Prompt:
Extract verbatim every line from the one containing "MAJESTIC BEACH TOWERS I - Residential" to the final line of the records below, inclusive, and exclude all pictures.

+++ Information provided

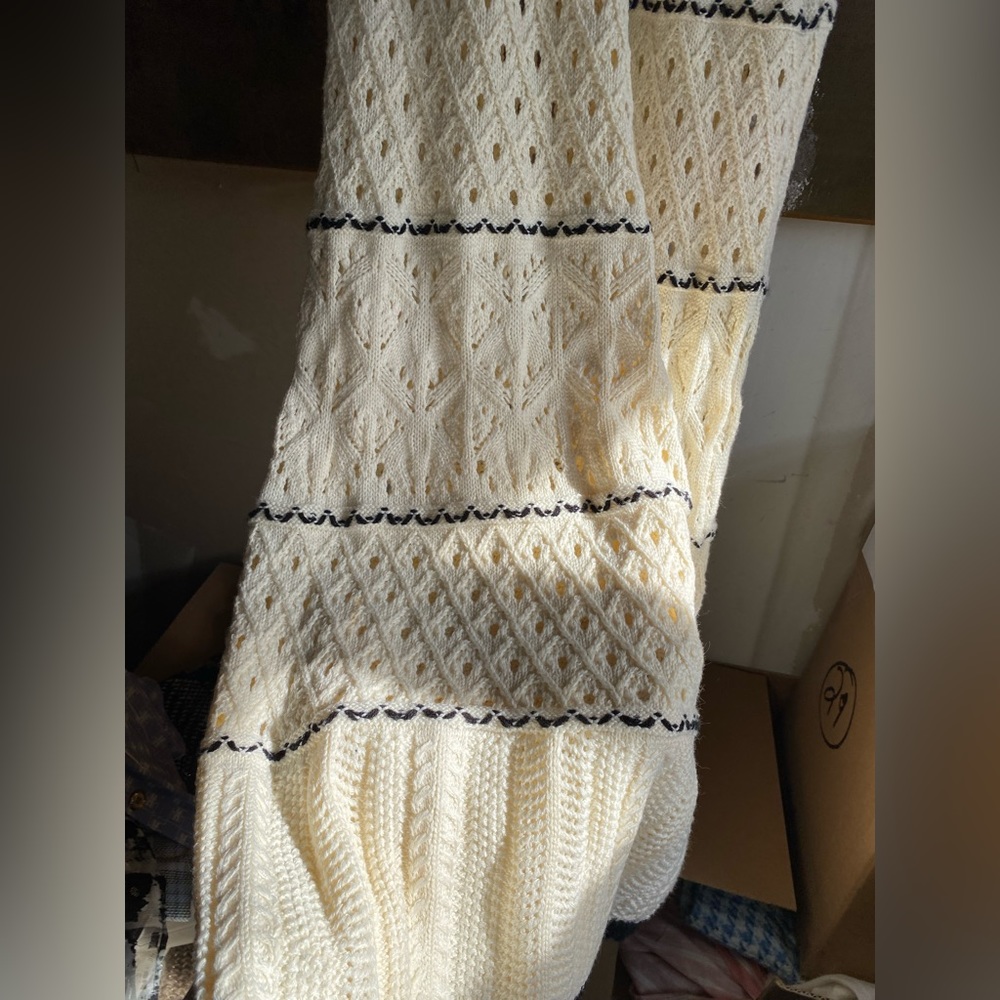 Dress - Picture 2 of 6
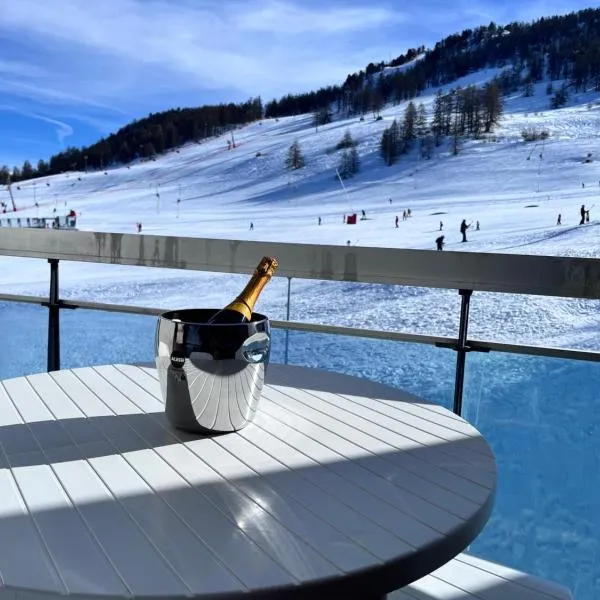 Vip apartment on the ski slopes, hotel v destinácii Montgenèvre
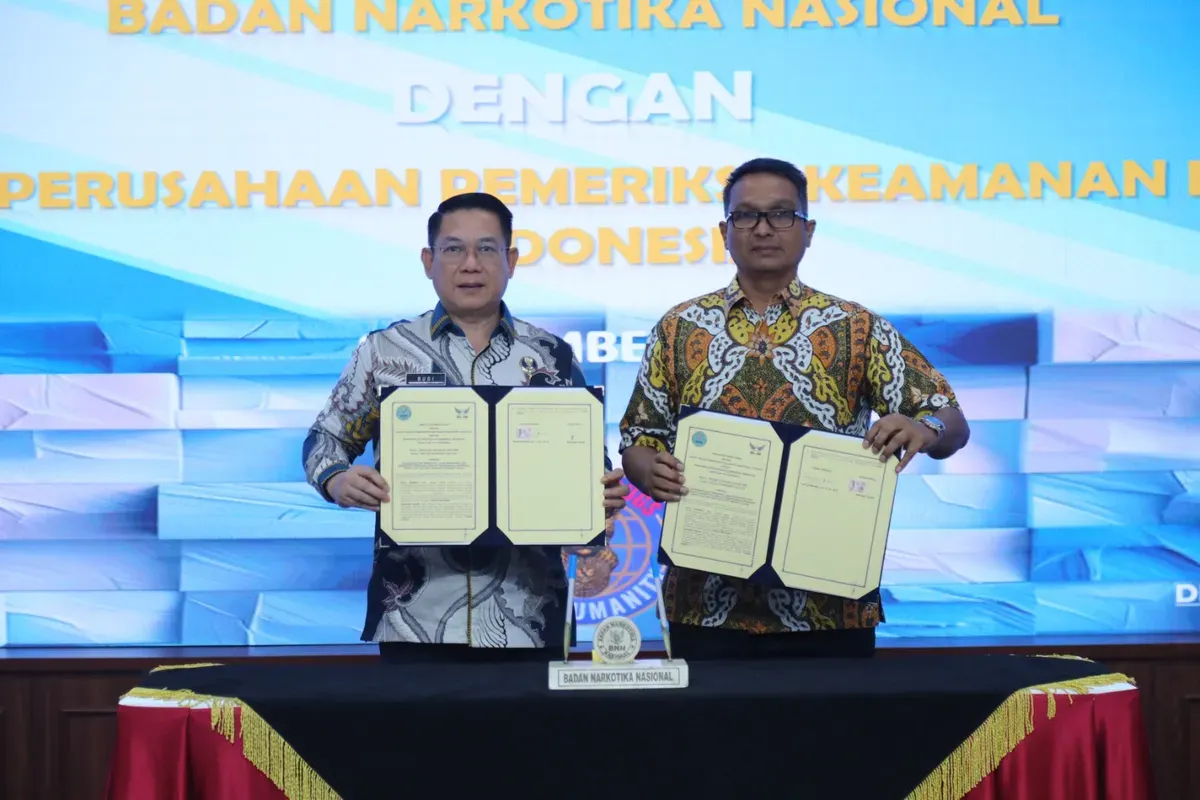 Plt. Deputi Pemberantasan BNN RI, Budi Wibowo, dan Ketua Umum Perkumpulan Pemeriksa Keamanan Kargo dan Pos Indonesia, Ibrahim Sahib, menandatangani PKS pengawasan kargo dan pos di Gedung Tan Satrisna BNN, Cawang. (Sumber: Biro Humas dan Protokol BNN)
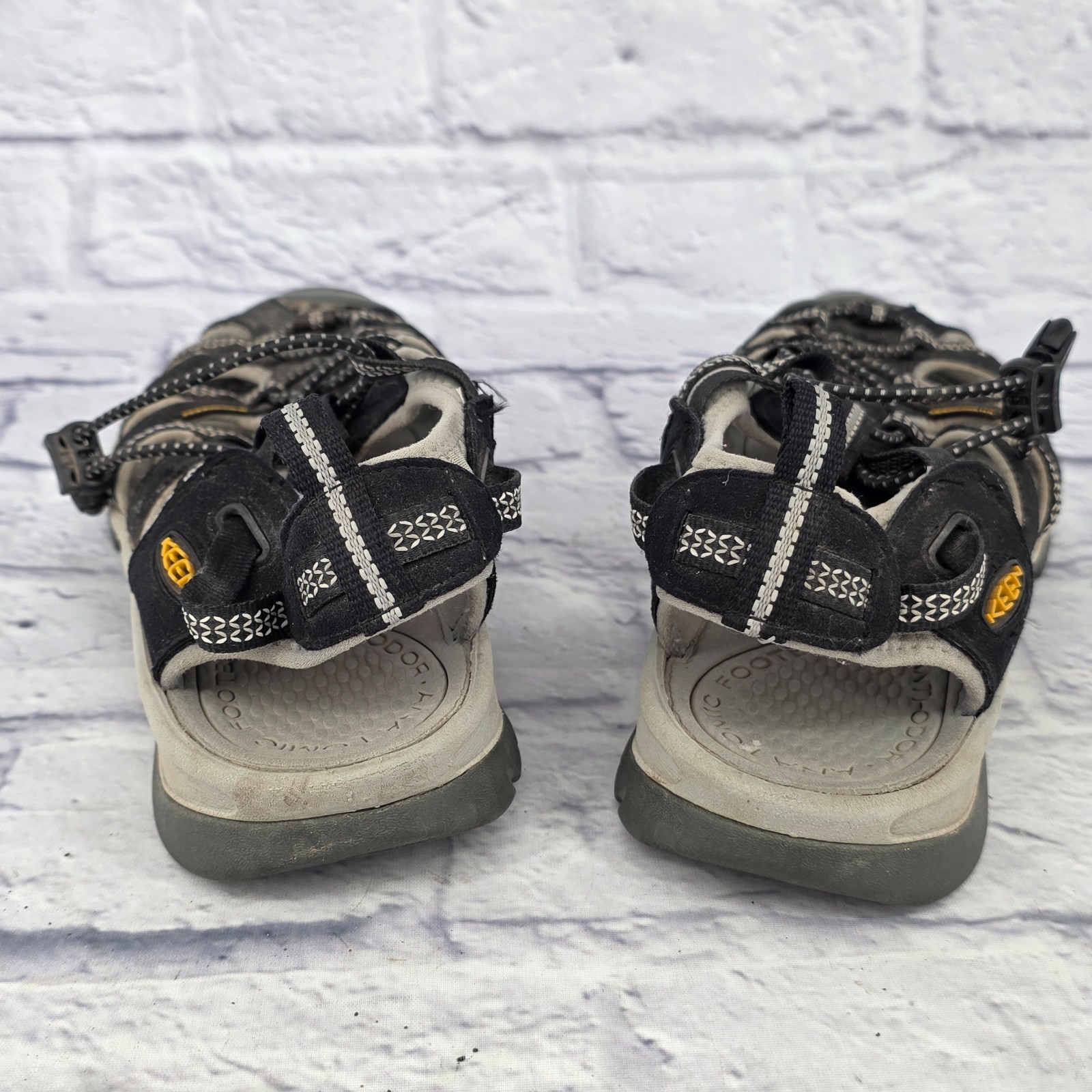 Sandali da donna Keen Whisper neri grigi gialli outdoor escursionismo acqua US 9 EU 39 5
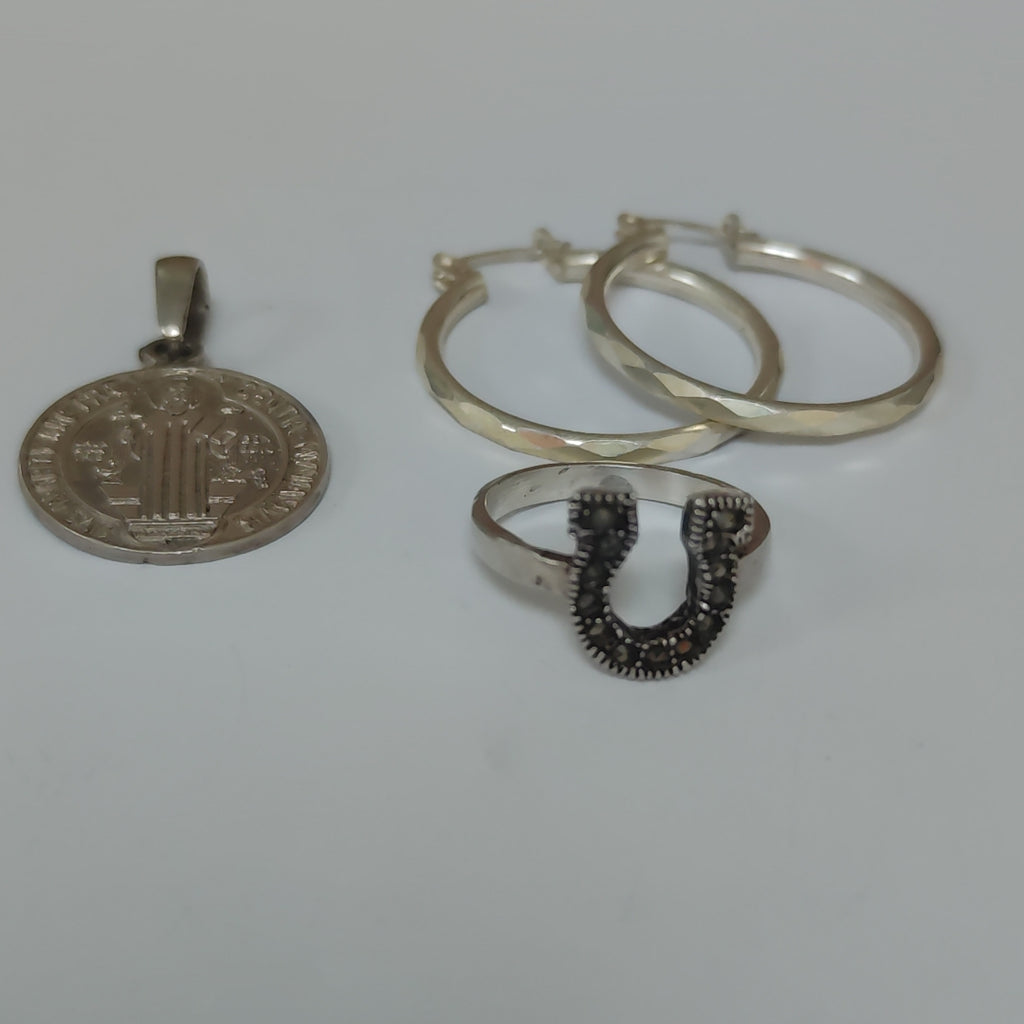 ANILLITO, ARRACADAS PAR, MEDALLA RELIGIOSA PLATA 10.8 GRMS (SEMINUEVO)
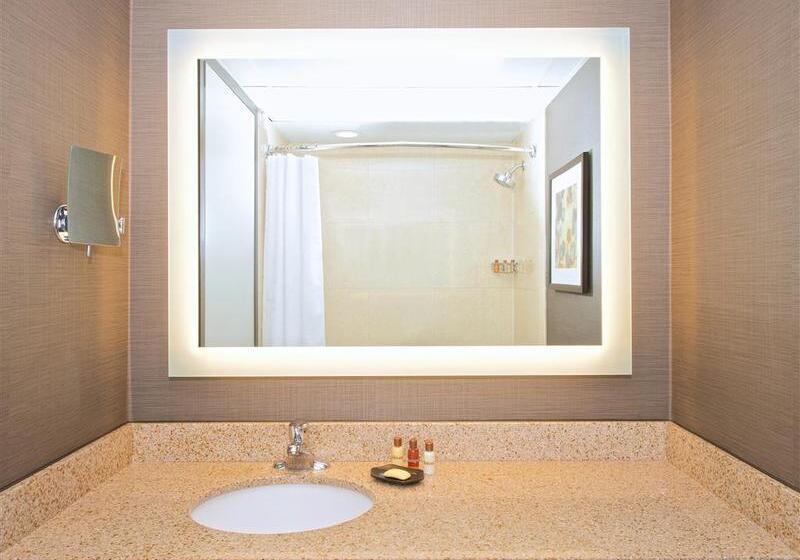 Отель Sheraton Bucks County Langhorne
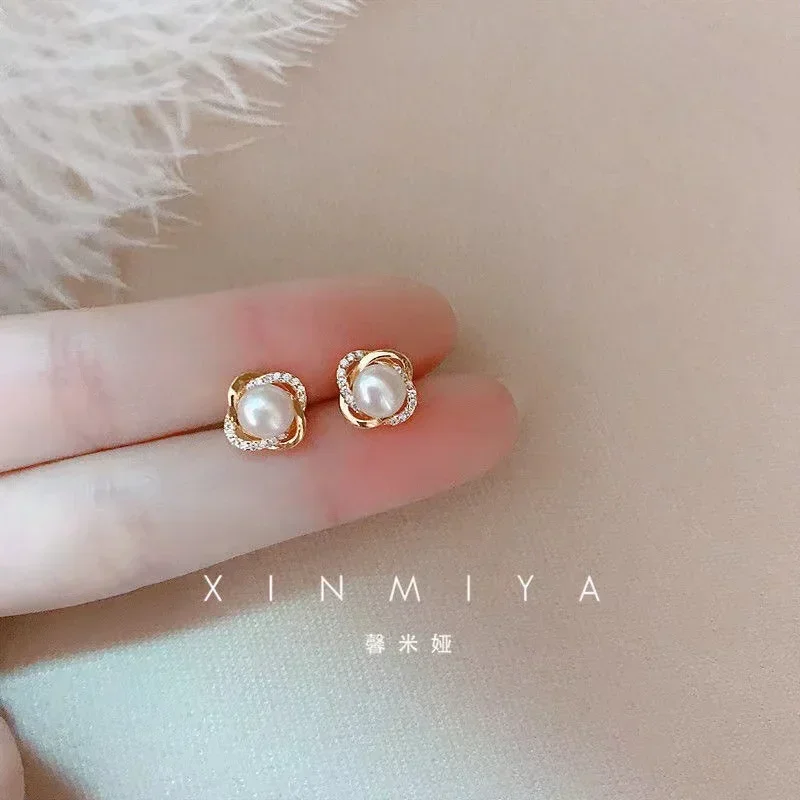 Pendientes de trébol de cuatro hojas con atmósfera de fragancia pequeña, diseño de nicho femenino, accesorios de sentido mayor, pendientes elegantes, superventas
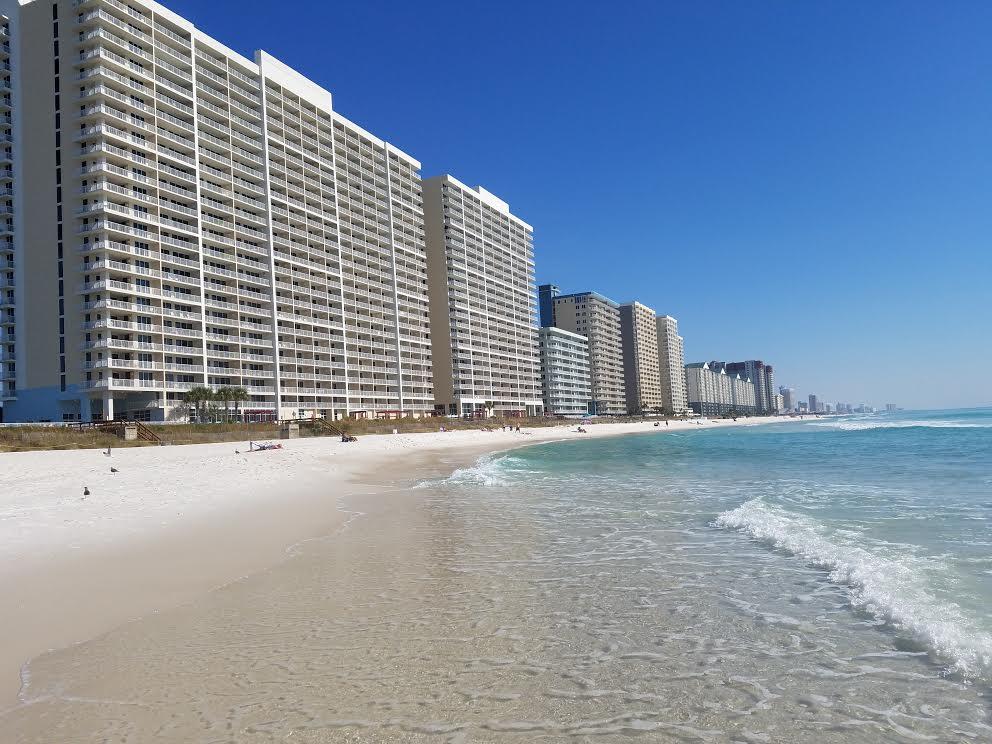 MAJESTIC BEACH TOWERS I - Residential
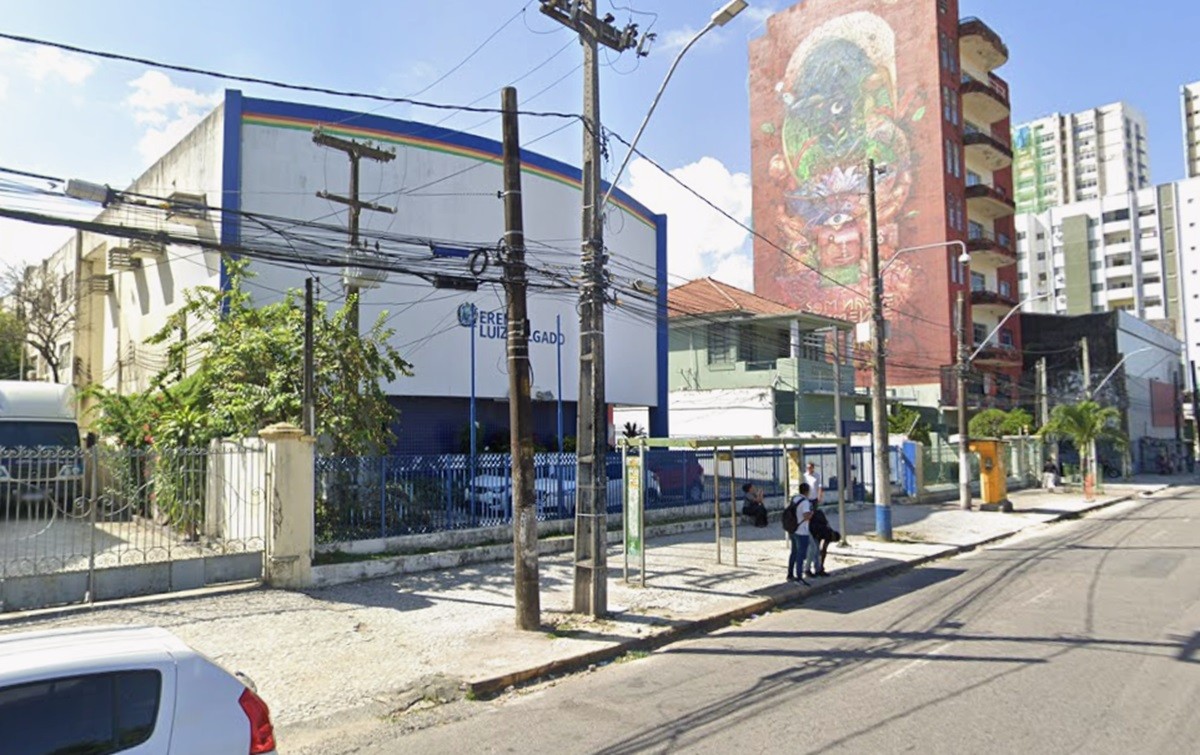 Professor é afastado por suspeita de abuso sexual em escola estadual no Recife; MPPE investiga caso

++++++

Expected answer:
 MAJESTIC BEACH TOWERS I - Residential
 Professor é afastado por suspeita de abuso sexual em escola estadual no Recife; MPPE investiga caso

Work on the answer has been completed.